Bu konu hakkında da zamanında bir şeyler yazmıştım şöyle ki;
Bir 'beğeni' ile gelen yalnız değilim hissiyatının bağımlısı insanlığı anlatacağım size bu gece. ilk önce şu soruyu sorun kendinize. Ben kimim ? Verdiğiniz cevap ile sosyal medya ağlarınızda oluşturduğunuz 'siz' aynı mı ? Bence hayır.
Yüzlerce kişinin sizleri takip ettiği ve sizin onları tanımadığınız bir sosyal medya platformu düşünün. Sadece isimlerini görmeniz size yalnız olmadığınız hissiyatını veriyor değil mi ? Bir telefonun, tabletin, bilgisayarın ekranına bakarak o kocaman 'yalnızlığınızın' varlığını yokmuş gibi görüyorsunuz. Bence büyük bir aptallık.
Her gün hepsiyle tek tek konuşsanız dahi sosyal medyada sizi tanıdığını iddia ettiğiniz kaç kişi sizleri gerçekten tanıyor ? Dürüst olun kendinize. Yozlaşmış dünyanızdan ve zihninizden bağımsız olarak kendinize vereceğiniz tek dürüst cevap olsun bu. Tamamen kısır bir ilüzyondan ibaret sosyal medya hesaplarımız. Teknolojinin kölesi olarak gerçeklerden kaçıp kendi yarattığımız yalanların arkasına gizlenmekten ibaret her şey.
Bir instagram hesabı düşünün. Bir kişi kendi egosu ve kibriyle kendini kiralıyor. Lüks yaşamını, o yaşama sahip olmayan insanlarında bulunduğunu bildiği bir platformda kendine statü katmak için kullanıyor. Peki kazanılan bu statü gerçek bir statü mü ? Rihanna edasında pozlar verip akşam eve geldiğinde patates, soğan doğrayıp yemeğin ardından babasının geğiriğine maruz kalıp normal bir şeymiş gibi tepkisiz kalan kızların toplumda biri geğirdiğinde aşırı tepki vermeleri, sosyal medyada lüks hayat yaşıyormuş gibi kendilerini pazarlamalarının bir rasyonalitesi var mı sizce ? Tek dayanakları onları gerçekte tanımıyor olmanız. Aynı şeyler bu tarz yaşam tarzına sahip olan erkekler içinde geçerli. Demek istediğim kocaman birer yalnızsınız. Bu ilüzyondan kendinizi çekip kurtaracak olanlar ise yine sizlersiniz. Bağımlısınız.
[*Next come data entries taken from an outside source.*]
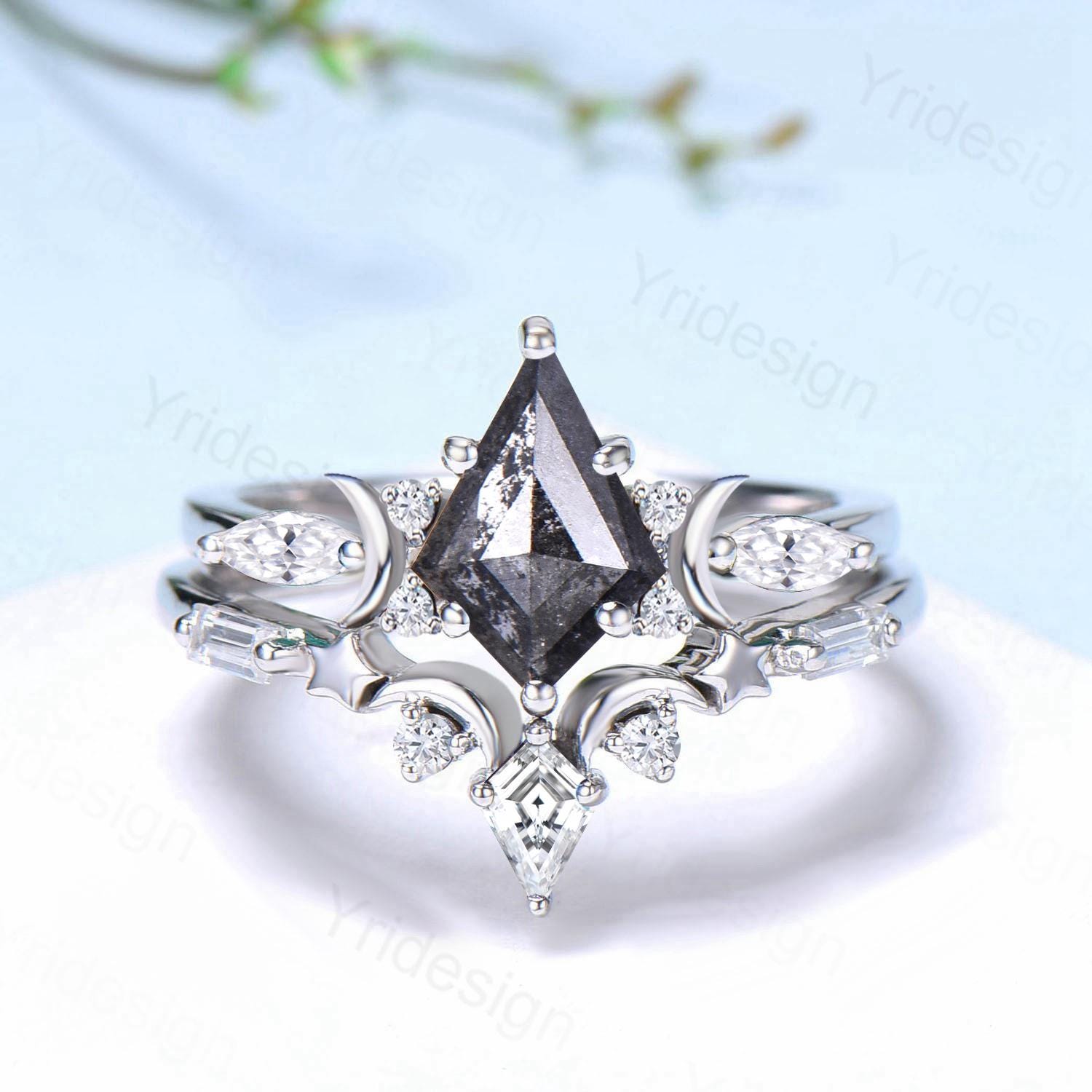 Vintage kite cut salt and pepper diamond engagement ring set Moons and star black gold diamond ring gothic bridal wedding set handmade gifts - PENFINE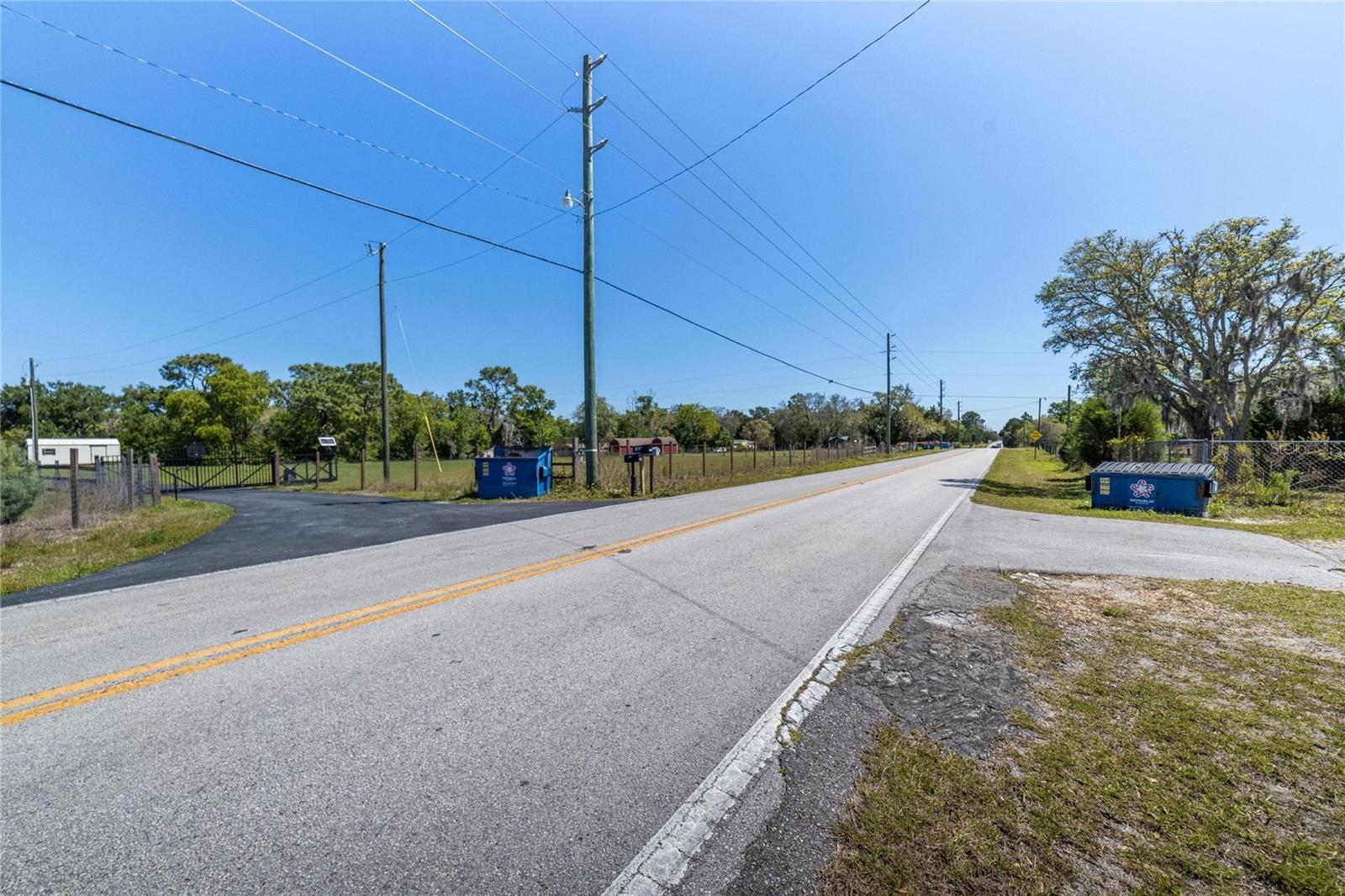 Listing photo id 7 for 07-24-18-0010-00000-0781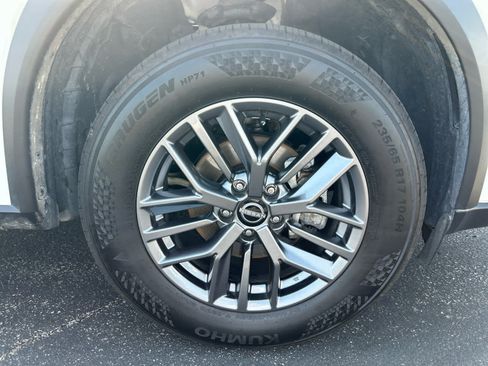 Used 2025 Nissan Rogue S AWD/4WD image 18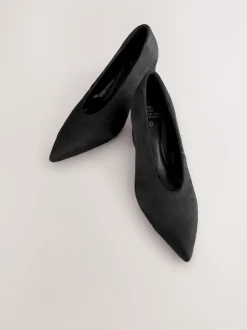Zwart - Leren schoenen met spitse neus en lage blokhakken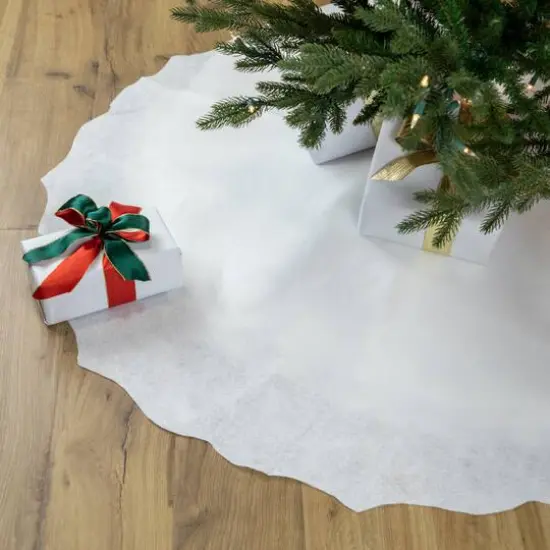 48" Winter White Scalloped Edge Tree Skirt {1}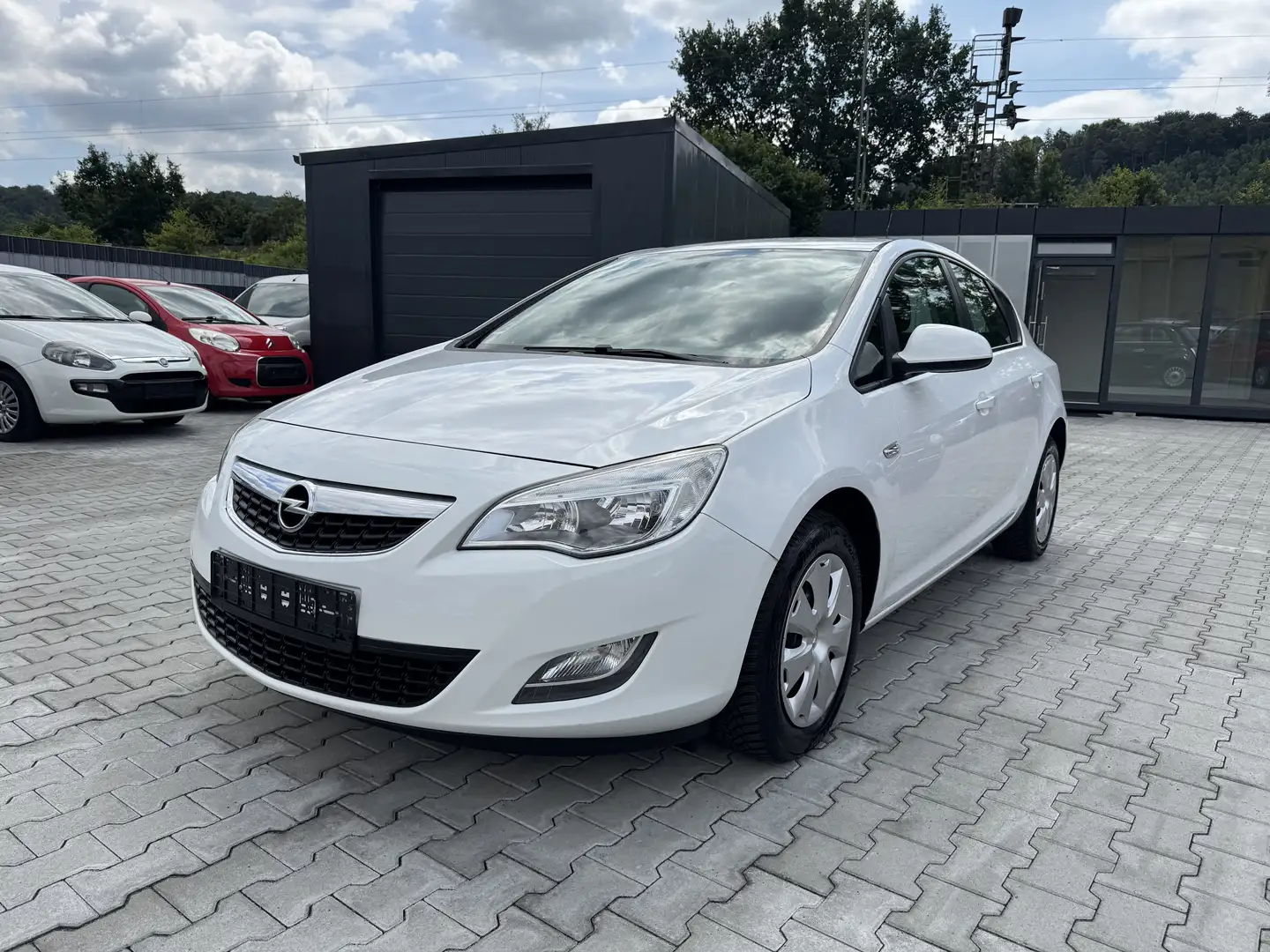 Opel Astra J Lim. 1,4 16V  Design Edition / Klima Weiß - 1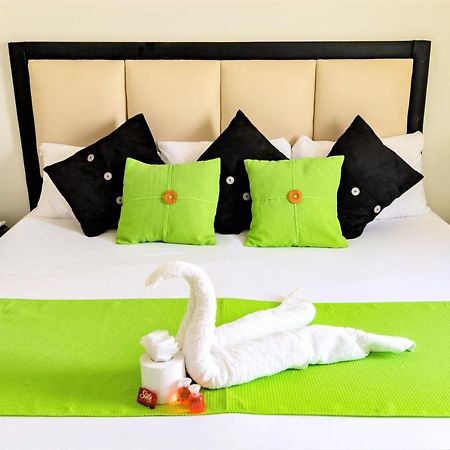 Hotel Arboleda Йопал Екстериор снимка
Size yine bir sorum olacak. Kaçınız telefonunuzu sabahtan evde bırakarak dışarı çıkıyor ve dünyada yaşadığınızın farkına varıyorsunuz ? Gerçek dünya ve ilüzyon dünya. Kaçınız şehrin güzel bir köşesinde telefonunuz olmadan kendinize vakit ayırıyorsunuz ? Kaçınız arkadaşlarınızla buluştuğunuzda teknolojinin sizlere getirdiği ilüzyon dünyasına dakikalarca vaktinizi harcamıyorsunuz ?
Birileriyle 'gerçek' bir göz teması kurup sohbet ettiğiniz günleriniz oluyor mu son yıllarda ? Birileriyle gerçekten göz teması kuralı ne kadar oldu ? iğrenç, yozlaşmış, aptal, trajik hayatlarınızdan kafanızı kaldırıp, rüzgarı teninizde hissetmeyeli ne kadar oldu ?
Dünya, yalnızlaşan bir kalabalık. Bizler ise göz temasına muhtaç birer ruh.